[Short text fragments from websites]
┄┄┄┄┄┄┄┄┄┄┄┄┄┄┄┄┄┄┄┄

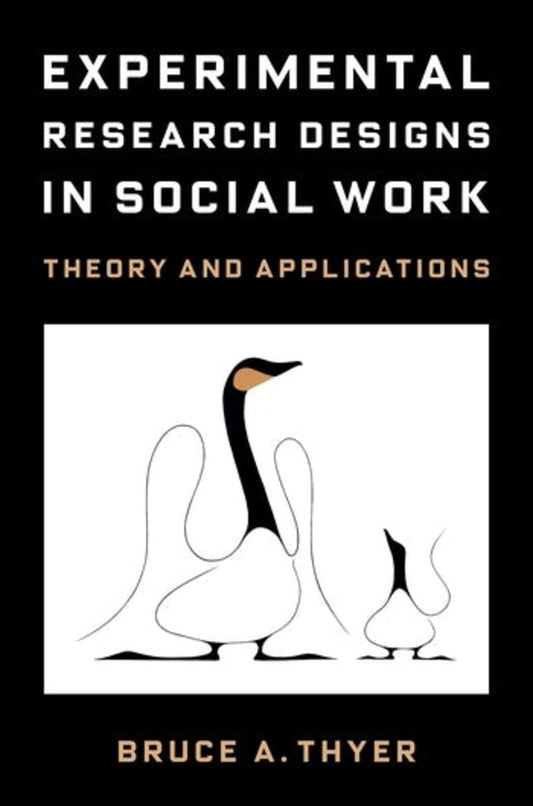 Experimental Research Designs in Social Work: Theory and Applications cover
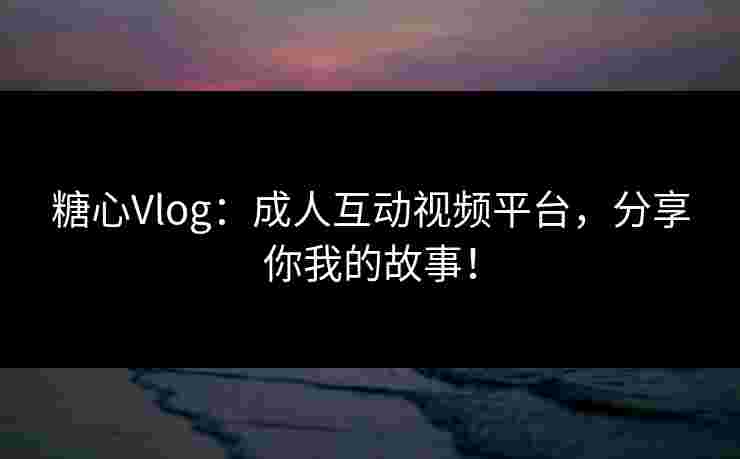 糖心Vlog：成人互动视频平台，分享你我的故事！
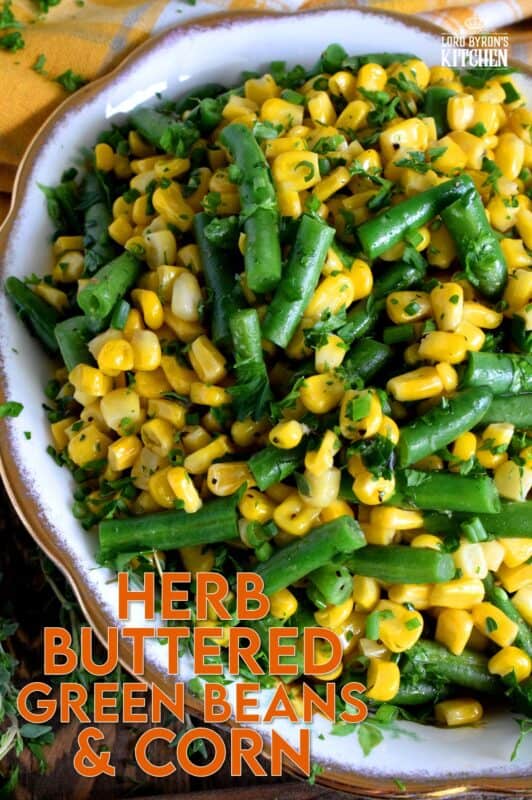 Herb Buttered Corn and Green Beans is a rustic, delicious, family-pleasing vegetable side dish. The fresh herbs make this dish fresh and flavourful, but let's face it, everything sautéed in butter is better! This inexpensive side is perfect for any family dinner, yet, special enough for Thanksgiving too! #corn #greenbeans #vegetarian #sidedish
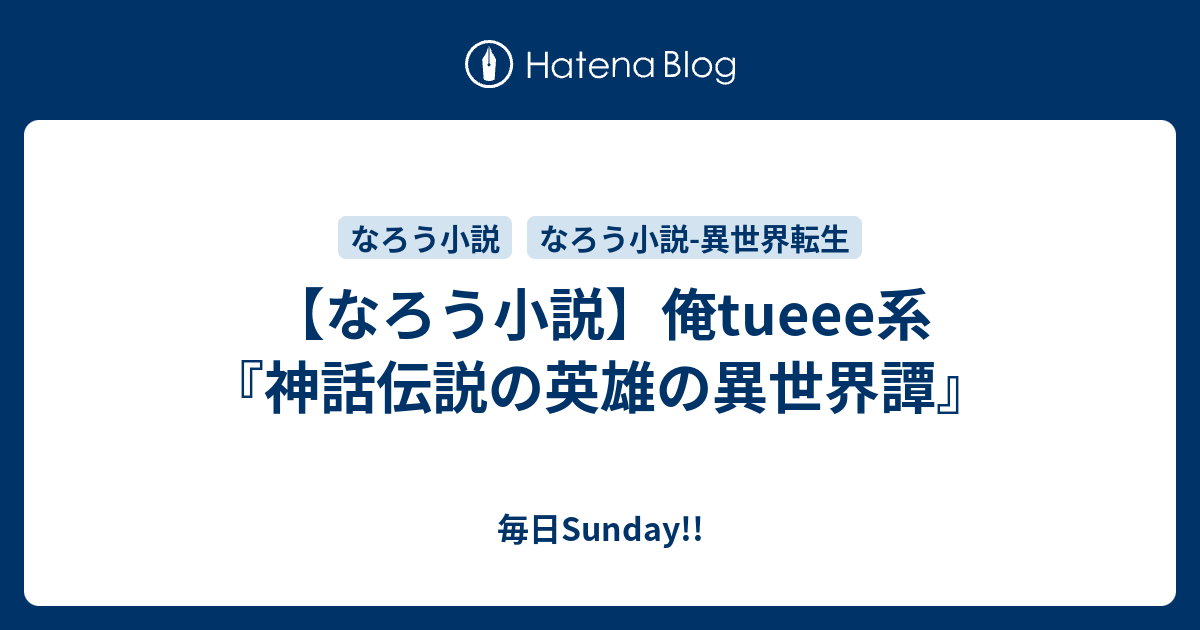 なろう小説 俺tueee系 神話伝説の英雄の異世界譚 毎日sunday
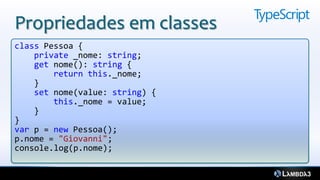 Propriedades em classes
class Pessoa {
    private _nome: string;
    get nome(): string {
        return this._nome;
    }
    set nome(value: string) {
        this._nome = value;
    }
}
var p = new Pessoa();
p.nome = "Giovanni";
console.log(p.nome);
 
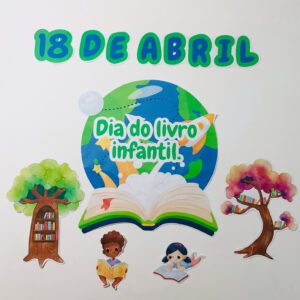 Dia do livro infantil.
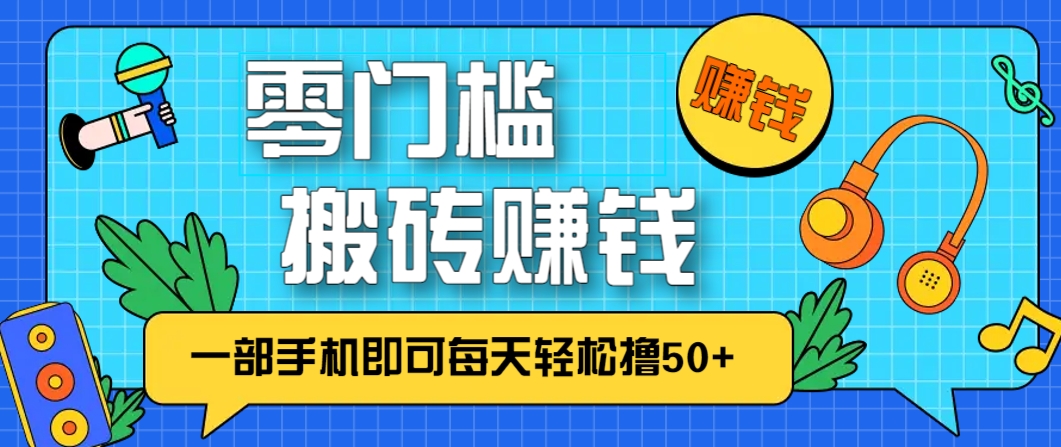 零成本零门槛，无脑搬砖赚钱项目，只需一部手机即可每天轻松撸50+-hcnxn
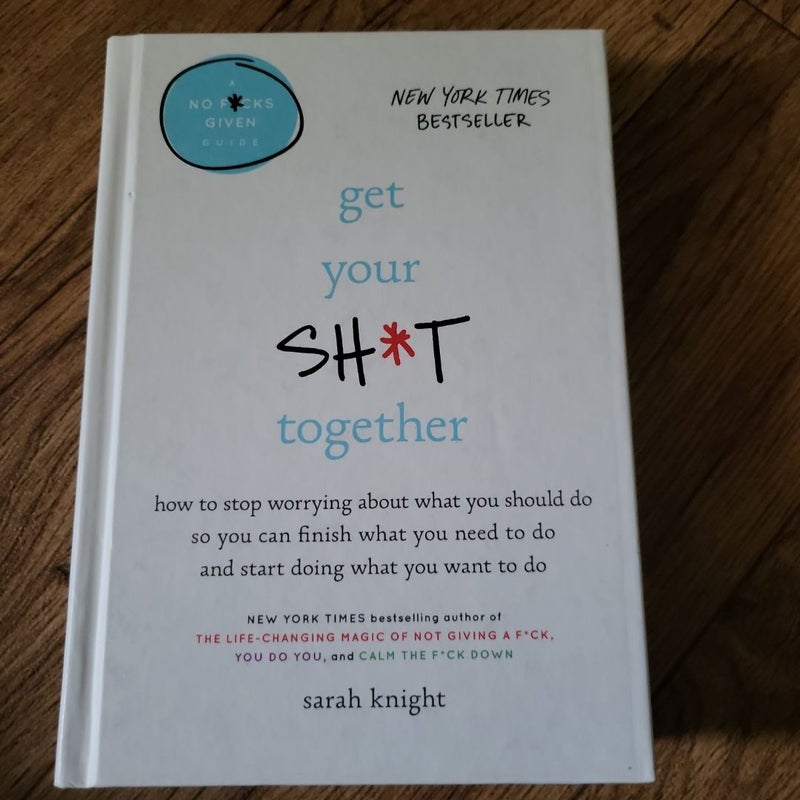 Get Your Sh*t Together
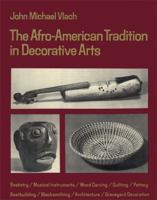 The Afro-American Tradition in Decorative Arts 0820312339 Book Cover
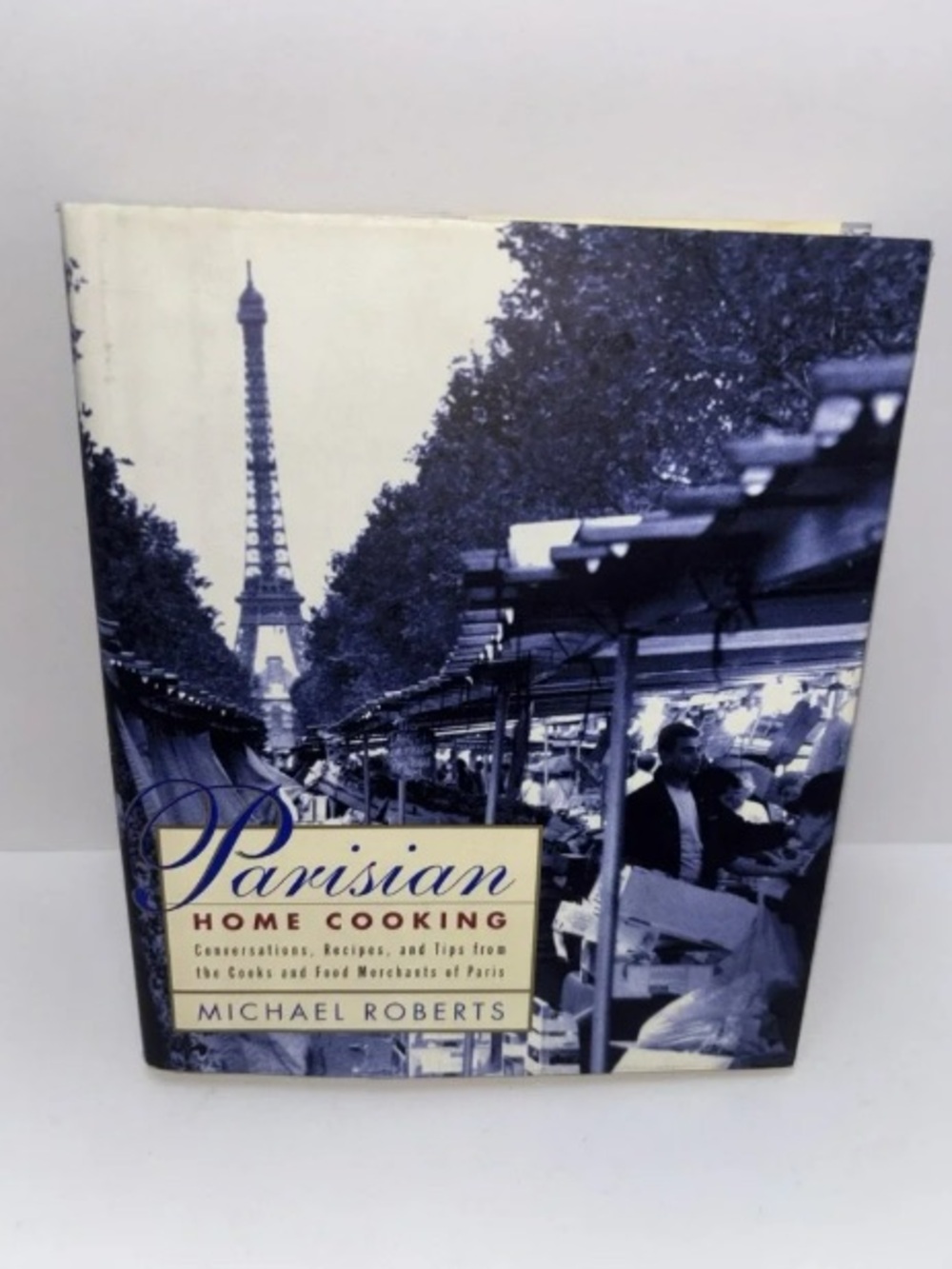 Parisian Home Cooking - Blue Cover by Michael Roberts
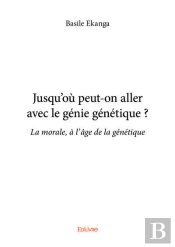 Jusqu'Ou Peut On Aller Avec Le Genie Genetique ? - La Morale, A L'Age De La Genetique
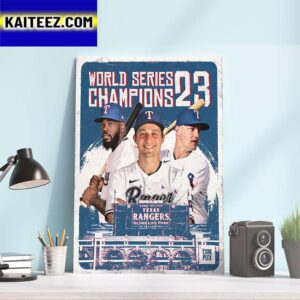 The Texas Rangers Champions 2023 MLB World Series Champions For The First Time Ever Art Decor Poster Canvas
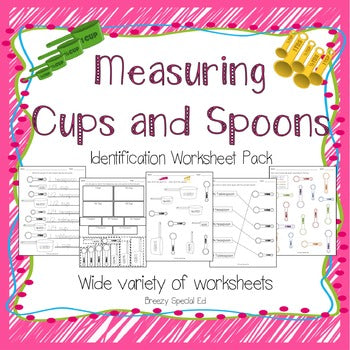 Measuring Cups and Spoons Identification Worksheets - Special Education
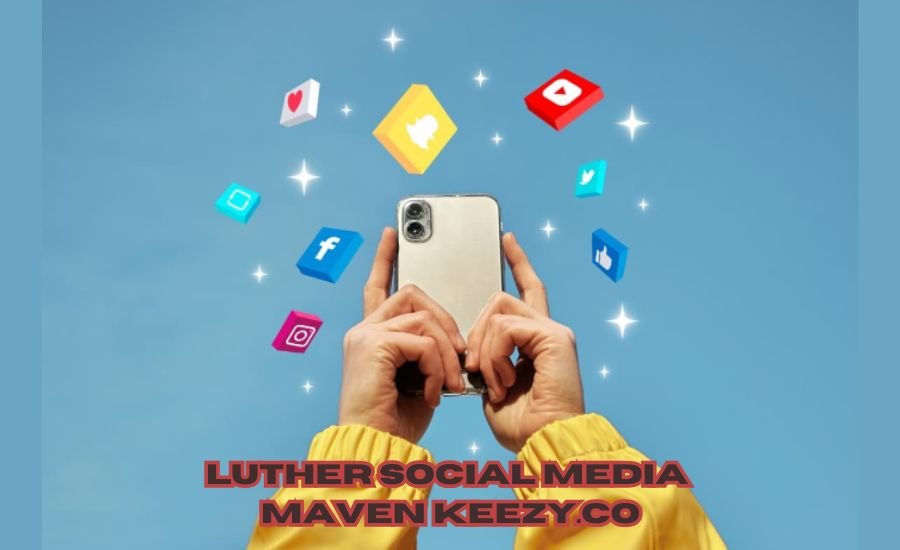 luther social media maven keezy.co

┄┄┄┄┄┄┄┄┄┄┄┄┄┄┄┄┄┄┄┄

Look through the data above and report every line in which "string" appears.

    private _nome: string;
    get nome(): string {
    set nome(value: string) {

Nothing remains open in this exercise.